Fayyaz Hashmi was born in 1920 and worked for much of his life as a poet and lyricist in Pakistan, contributing to Urdu literature and film. He died in 1987. His biography is not extensively documented — he belongs to that generation of Urdu poets whose names are less known than their words, whose lives recede behind the lines that survived them.

What is known about him is largely what his poetry tells: a sensibility oriented toward the intimate, the domestic, the specific quality of an ordinary moment made extraordinary by feeling. He was not a political poet or a poet of grand historical themes. He wrote about love, about the small unbearable beauties of being with someone, about time and its constraints.

The Poetry #

Hashmi’s most celebrated work is the nazm Aaj Jaane Ki Zid Na Karo — don’t insist on going today — which became one of the most widely sung Urdu poems of the twentieth century through Farida Khanum’s definitive recording. The recording is one of those rare conjunctions of poem and voice where neither can be fully separated from the other: Farida Khanum’s unhurried, aching delivery gave the words a quality of inhabited feeling that has made the song a standard of Urdu ghazal gayaki for decades.
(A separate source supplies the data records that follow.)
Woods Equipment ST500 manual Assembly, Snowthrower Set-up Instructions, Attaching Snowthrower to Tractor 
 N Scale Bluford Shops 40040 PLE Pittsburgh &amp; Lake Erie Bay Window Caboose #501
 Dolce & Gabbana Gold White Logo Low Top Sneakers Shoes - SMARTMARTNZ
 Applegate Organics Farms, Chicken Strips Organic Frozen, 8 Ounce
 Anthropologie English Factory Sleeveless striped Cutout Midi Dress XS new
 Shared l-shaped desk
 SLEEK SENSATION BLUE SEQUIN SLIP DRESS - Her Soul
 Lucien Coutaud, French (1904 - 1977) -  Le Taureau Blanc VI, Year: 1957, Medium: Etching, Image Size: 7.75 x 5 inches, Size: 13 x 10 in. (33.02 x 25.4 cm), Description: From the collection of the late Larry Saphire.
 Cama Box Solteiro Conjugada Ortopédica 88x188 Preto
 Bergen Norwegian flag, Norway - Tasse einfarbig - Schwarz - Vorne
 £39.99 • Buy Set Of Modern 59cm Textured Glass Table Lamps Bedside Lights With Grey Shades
The poem itself is deceptively simple: a plea, a few verses, a refrain. What makes it endure is the emotional precision — the specific word zid (insistence, stubbornness) in the very first line, the oath sworn by the beloved’s own self, the honest acknowledgment that time is real and the departure will come, and the beautiful moments that should not be let go. Nothing is overstated. Everything is felt.

The Themes #

The beauty of ordinary togetherness: Hashmi’s great subject is not love in its grand, dramatic register but love in its quiet, domestic one — two people sitting together, the specific sadness of someone getting up to leave, the wish to hold a moment still. Yun hi pehlu mein baithe raho — just stay here beside me like this — is not a declaration of passion. It is something quieter and in some ways more real.

Time as the enemy and the context: Several of his poems acknowledge the constraint of time — waqt ki qaid mein zindagi hai — while refusing to accept that the constraint makes beauty meaningless. Yes, time is a prison. Yes, the departure will come. But chand ghariyan — a few moments — are worth having and worth asking for.

The intimate oath: Hashmi uses the oath tum ko apni qasam — I swear by your own self — which in Urdu is among the most tender of all swearing forms, invoking the beloved as the sacred thing, the most real thing, the thing by which one pledges.

Why He Endures #

Hashmi endures almost entirely through one poem and one recording. This is not unusual in the history of poetry — many poets are known by a single work that caught something so exactly that it became the vessel for everyone who felt something similar and had not found language for it.

Aaj Jaane Ki Zid Na Karo caught something exact: the specific, slightly desperate tenderness of wanting a moment not to end, knowing it will, asking anyway. The refrain is the most natural thing in the world to say to someone you love who is about to leave. The poem gave it form.